In April 2021, Maggie has not had more than five seizures in a single day. She’s had several days with only two seizures, which had never happened before. Three was her lowest ever before this month. Many of her seizures now are shorter in duration, ranging from three seconds to seven seconds on a typical day. When she has them, instead of conking out in a recovery nap for about twenty minutes, she literally shakes it off like a dog after a bath, stomping her feet and shaking her body, but bouncing back fairly quickly to whatever she was doing before the seizure.


So much of Maggie’s prognosis is dependent on seizure activity. If seizures are controlled, she will have greater success academically and therapeutically. If seizures are frequent and long, then she will lose her learning gains. With her seizures improved, we (meaning myself and her teachers) are seeing dramatic improvements in her growth. She is learning and she is vocalizing more (not talking, but she is learning how to use her voice like she’s practicing an untuned instrument). Her functional play skills are improving. She understands commands better, especially when paired with visual and kinesthetic cues, like patting a chair while saying “sit down please.”


In addition to improved seizures, we’re working on a few other modifications. For one hour a day, Maggie wears an alternating left/right eye patch and orthotics on her feet. Honestly, she hates it so we do this at home instead of having this be part of her ABA treatment. Before school for an hour, I patch her eye, put her orthotics on her feet, and she typically looks resigned and defeated for that hour, moping and trudging along. It doesn’t help that the only shoes we could find that fit the orthotics (and they must be worn with shoes) are Youth 2, which are so big she looks like she has clown shoes on. It takes some time to see whether these strategies eliminate toe walking and becoming cross-eyed, but that’s okay.

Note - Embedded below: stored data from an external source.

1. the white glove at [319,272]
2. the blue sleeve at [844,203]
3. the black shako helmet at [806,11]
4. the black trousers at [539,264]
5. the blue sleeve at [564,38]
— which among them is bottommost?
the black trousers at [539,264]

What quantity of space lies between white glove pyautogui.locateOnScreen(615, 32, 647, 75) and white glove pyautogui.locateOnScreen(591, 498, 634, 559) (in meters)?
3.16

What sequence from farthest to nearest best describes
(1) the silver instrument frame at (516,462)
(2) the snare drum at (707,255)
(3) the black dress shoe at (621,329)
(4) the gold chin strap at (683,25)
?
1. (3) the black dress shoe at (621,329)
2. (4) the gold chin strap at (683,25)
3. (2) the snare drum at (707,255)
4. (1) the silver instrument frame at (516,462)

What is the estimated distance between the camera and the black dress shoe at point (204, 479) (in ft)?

I hope and pray for seizure-free days. Of course, I want her seizures to go away altogether. They are not likely to disappear suddenly. It’s just the nature of her diagnosis. Lennox-Gastaut Syndrome is notoriously medication and intervention resistant. The realistic goal is seizure reduction and every day that she only has two, that the two that she has are under five seconds, and that she literally shakes them off and goes back to the business of playing is a win.


These days, we’re having more wins and for that, I am grateful.